Change Agent

To survive and succeed, every organisation will have to turn itself into a change agent. The most effective way to manage change successfully is to create it. But experience has shown that grafting innovation on to a traditional enterprise does not work. The enterprise has to become a change agent. This requires the organised abandonment of things that have been shown to be unsuccessful, and the organised and continuous improvement of every product service and process within the enterprise (which the Japanese call Kaizen). It requires the exploitation of successes, especially unexpected and unplanned-for ones, and it requires systematic innovation. The point of becoming a change agent is that it changes the mindset of the entire organisation. Instead of seeing change as a threat, its people will come to consider it as an opportunity.

Practically no product or service any longer has either a singly specific end-use or application, or its own market.

Cardboard, plastic and aluminium compete with glass for the bottle market. Glass is replacing copper in cables.
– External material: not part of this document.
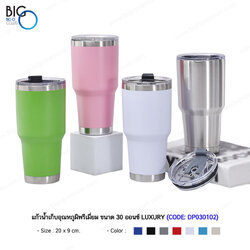 แก้วน้ำเก็บอุณหภูมิพรีเมี่ยม ขนาด 30 ออนซ์ Luxury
Steel is competing with wood and plastic in providing the studs around which the American one-family home is constructed.

A “glass company” may therefore have to redefine itself by what it is good at doing rather than by the material in which it has specialised in the past. One of the world’s largest glass makers, Corning, sold its profitable business making traditional glass products to become the number one producer and supplier of high-tech materials. Merck, America’s largest pharmaceutical company, diversified from making drugs into wholesaling every kind of pharmacy product, most of them not even made by Merck, and a good many by competitors.

The recent failure rate of chief executives in big American companies points in the same direction. A large proportion of CEOs of such companies appointed in the past ten years were fired as failures within a year or two. But each of these people had been picked for his proven competence, and each had been highly successful in his previous jobs. This suggests that the jobs they took on had become un-doable. The American record suggests not human failure but systems failure. Top management in big organisations needs a new concept.

The first industrial revolution brought forth, among many other things, intellectual property, universal incorporation, limited liability, the trade union, the co-operative, the technical university and the daily newspaper.

All this suggests that the greatest changes are almost certainly still ahead of us.